Kosovo ranked 93 out of 180 countries for corruption in 2018, according to Transparency International.
Kurti’s job ahead, as promised during the electoral campaign, will centre around improving social justice and the economy and stamping out corruption.
“Corruption remains a perennial problem in Kosovo which impacts the country in all aspects. Progress and change are impossible unless it is addressed,” said Hehir.
Donika Emini, who runs Pristina-based NGO Civikos, a group advocating for cooperation between civil society and the government, said Kurti set high expectations during the campaign.
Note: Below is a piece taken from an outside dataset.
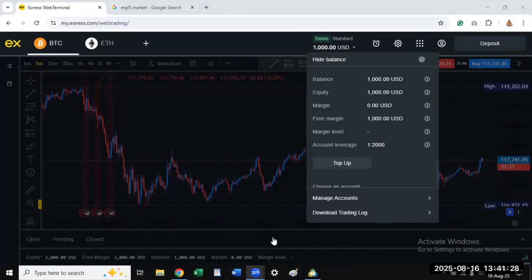In this video I am going to show you how to set up algo trading in Exness. If Exness is your broker, this video will walk you through how you can connect your trading bot or expert advisor to your Exness app and then begin trading with it. It requires your full attention so you don't need to skip any part.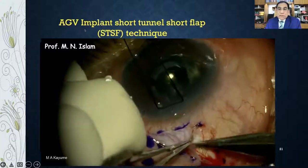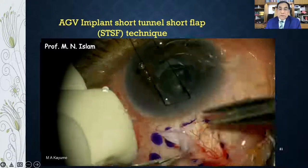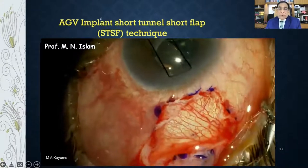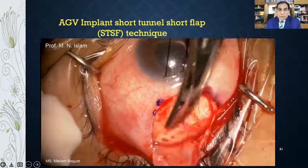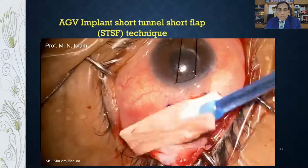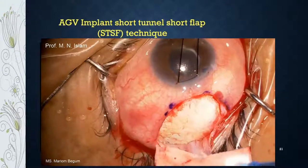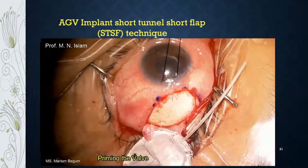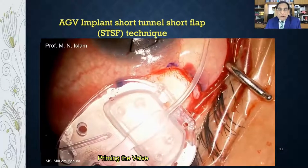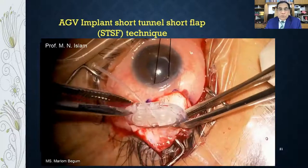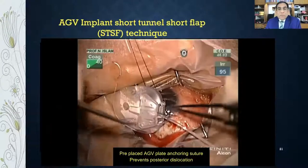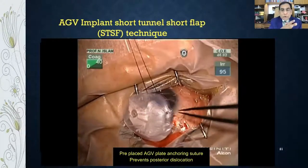You can separately dissect the conjunctiva and Tenon's capsule for a very clean dissection. After dissection, open the supratemporal quadrant. An important step is priming of the valve — inject BSS through the tube so the valve opens. There are two elastic membranes in the valve that may be adherent and must be primed.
“It will be very hard to [Vetevendosje] to promptly to meet the expectations,” she said, expecting the party to “face major resistance in the fight against corruption”.
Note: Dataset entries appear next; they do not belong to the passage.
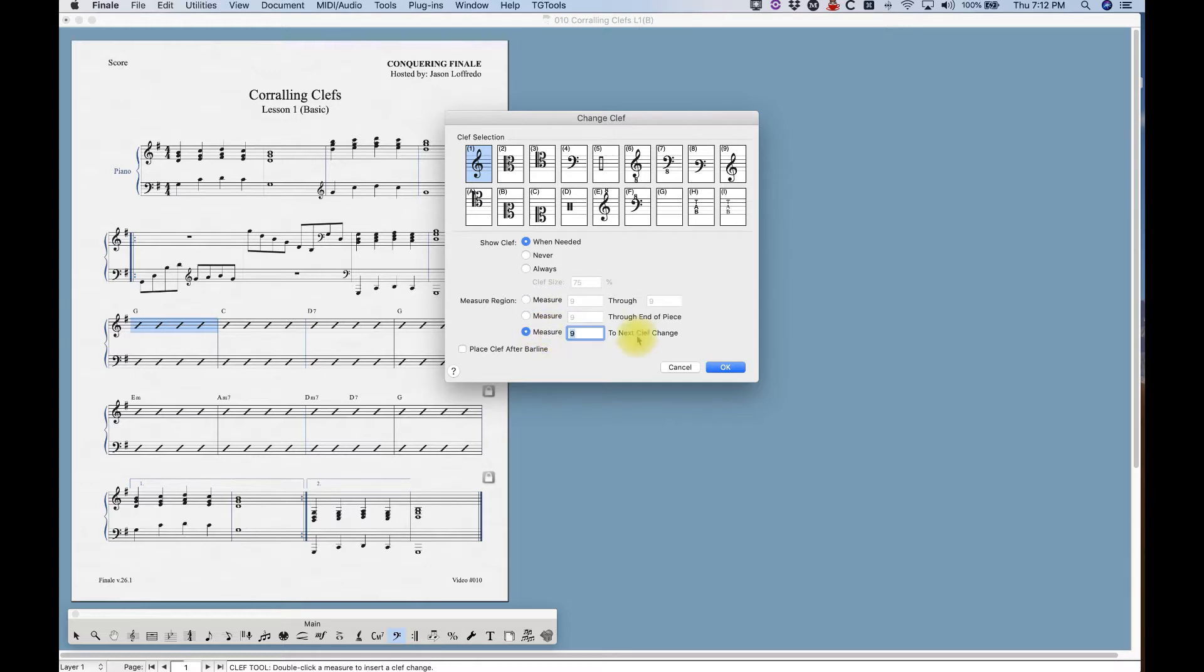The changes that I made from nine to next clef change would stop at that clef change. As it says, pretty obvious.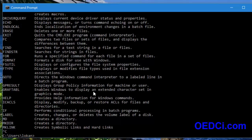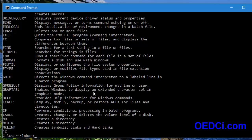Press CTRL+C to break the DOS action. For example, if you want to know about a particular command, type the command name followed by a forward slash and question mark — for example, 'DIR /?'. Every command followed by '/?' will show that particular command's help.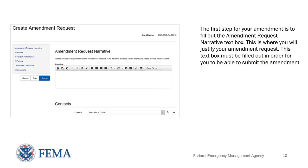You should now be at the Create Amendment Request page. You will notice the toolbox on the left-hand side — these are the links that will take you to the various sections of the page. Under that, you should see the Cancel, Save, and the blue Submit button. If the blue Submit button is not shown for you, please go back and check to see that you have the Authorized Official role for your organization. The first step for your amendment is to fill out the Amendment Request Narrative text box. This is where you will justify your amendment request, and this text box must be filled out in order for you to be able to submit the amendment.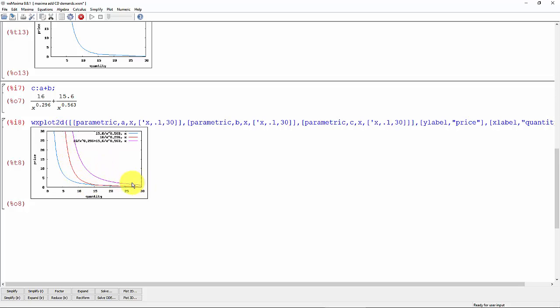And then when we add the two together, of course, this total demand should be further to the right because as we add more people or more demands for the same good together, we should get an increased demand. So that's represented by the purple one here.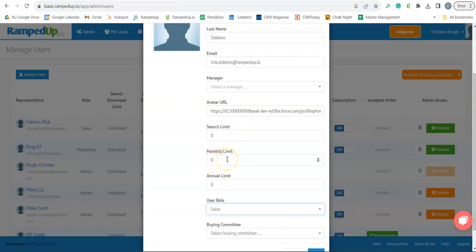Monthly limit is how many contacts they can export in a month. Annual limit is how many they can export over the year.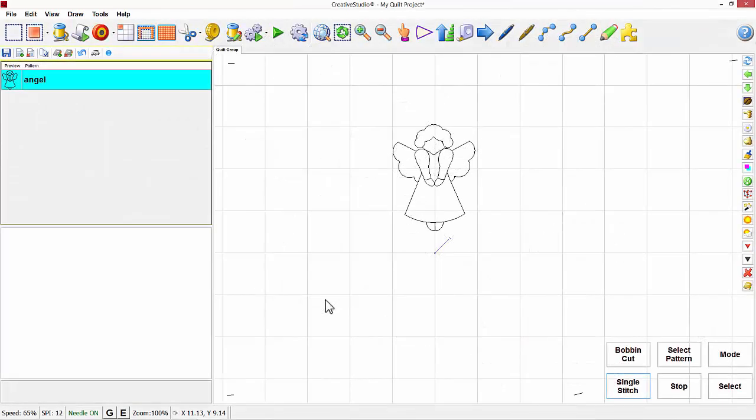In this video, I'm going to define the point of origin. When Creative Studio starts up, the computer does not know the position of the head in reference to the table.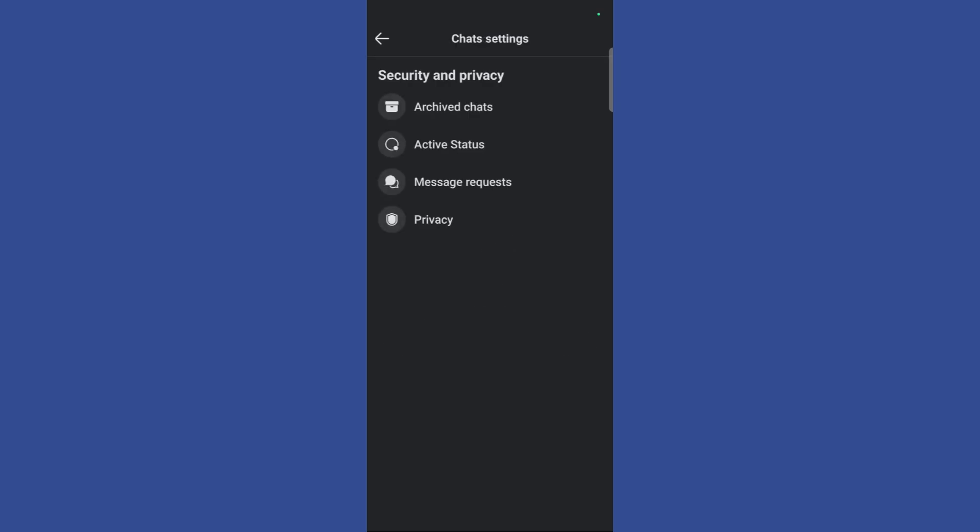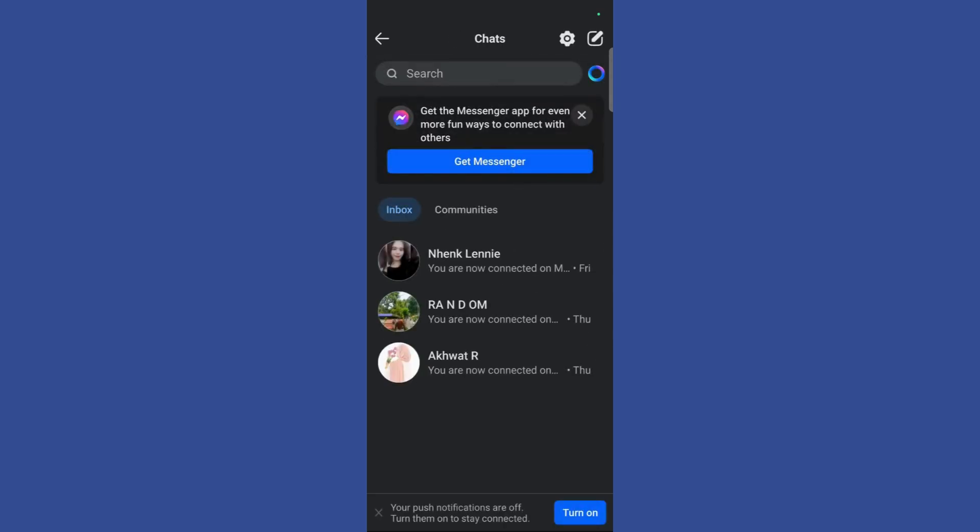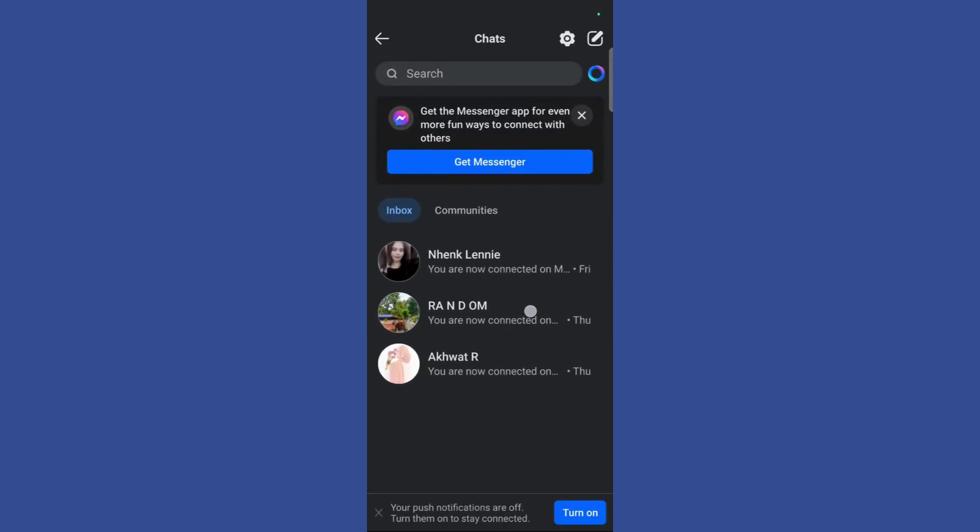To verify it simply go back and here you can see that this chat is now appearing as normal.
“This complexity is further deepened by the fact that PDK will be in the opposition and might not be willing to cooperate in this process,” she added.
But corruption and the economy are not the new government’s only challenges.
Dealing with Serbia
Apart from issues at home, the new leadership also needs to deal with the question of rebooting dialogue with its hostile northern neighbour, Serbia.
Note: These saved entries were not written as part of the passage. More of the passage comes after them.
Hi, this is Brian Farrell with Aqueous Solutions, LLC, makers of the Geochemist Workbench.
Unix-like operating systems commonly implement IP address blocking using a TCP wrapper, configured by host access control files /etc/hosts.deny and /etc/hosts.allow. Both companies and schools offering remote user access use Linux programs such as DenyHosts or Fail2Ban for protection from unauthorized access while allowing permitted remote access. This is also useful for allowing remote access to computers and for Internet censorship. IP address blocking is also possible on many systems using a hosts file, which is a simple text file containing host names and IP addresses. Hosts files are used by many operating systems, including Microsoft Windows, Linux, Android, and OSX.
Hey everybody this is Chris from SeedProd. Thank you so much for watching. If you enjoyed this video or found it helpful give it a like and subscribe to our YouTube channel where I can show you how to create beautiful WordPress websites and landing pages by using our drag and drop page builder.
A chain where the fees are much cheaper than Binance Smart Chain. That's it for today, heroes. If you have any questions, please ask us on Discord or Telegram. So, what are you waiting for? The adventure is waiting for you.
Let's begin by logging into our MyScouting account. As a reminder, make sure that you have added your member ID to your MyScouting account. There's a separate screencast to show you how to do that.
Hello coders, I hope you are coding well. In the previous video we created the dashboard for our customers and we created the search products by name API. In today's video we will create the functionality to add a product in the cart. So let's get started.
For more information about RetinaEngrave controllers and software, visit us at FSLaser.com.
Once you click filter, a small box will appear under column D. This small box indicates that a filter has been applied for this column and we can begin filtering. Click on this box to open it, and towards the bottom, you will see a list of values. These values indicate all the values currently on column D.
Serbia has refused to recognise Kosovo’s independence and obstructs its international recognition.
Both Kosovo and Serbia aspire to join the EU, but relations between the neighbours remain strained as Serbia continues to consider Kosovo as its own territory.
“With the new appointees from the US – which are traditionally known as very close to [Kosovo President Hashim Thaci], and the uncertainty at the EU level, it will be challenging for Kurti to find his way in this process,” said Emini.
Kurti has criticised earlier governments for their approach towards Serbia in the EU-mediated dialogue that began in 2011.
A number of agreements were signed in Brussels between Kosovo and Serbia in those peace talks – from energy and the mutual recognition of higher education degrees to allowing free movement.
For Hehir, the new government needs to be firm in dealing with Serbia in order to check Belgrade’s aggressive campaign against Kosovo’s sovereignty.
“The EU clearly wants Serbia to join and appears to be willing to overlook Serbia’s ongoing interference in Kosovo’s internal affairs,” he said.
“It is a sustained campaign [by Serbia] to convince other states to derecognise Kosovo.”
Serbia’s forces killed more than 10,000 people in the Kosovo War, prompting a NATO intervention in March 1999 which drove Serbian forces out of the region months later in June.
Serbia has never apologised for the war crimes committed under Slobodan Milosevic‘s rule.
Nearly five years later in 2005, Kurti founded Vetevendosje that sought self-determination for Kosovo and slammed the international presence, chiefly the UN administration, UNMIK.
His criticism mainly centred around the UN mission privatising Kosovo’s state-owned enterprises, which Kurti has pledged to investigate when he forms his government.
Kurti’s movement opposed the UN mission until 2008 when Kosovo declared itself a sovereign state.
For two years between 2008 and 2010, Kurti rejected Kosovo’s statehood, which he saw as a compromise in order to form a multiethnic state, when 90 percent of Kosovo Albanians resided in the country.
His Vetevendosje movement continued to call for unification with Albania.
Even on Sunday night in Pristina, red-and-black eagle Albanian flags dominated the celebrations by Kurti’s supporters.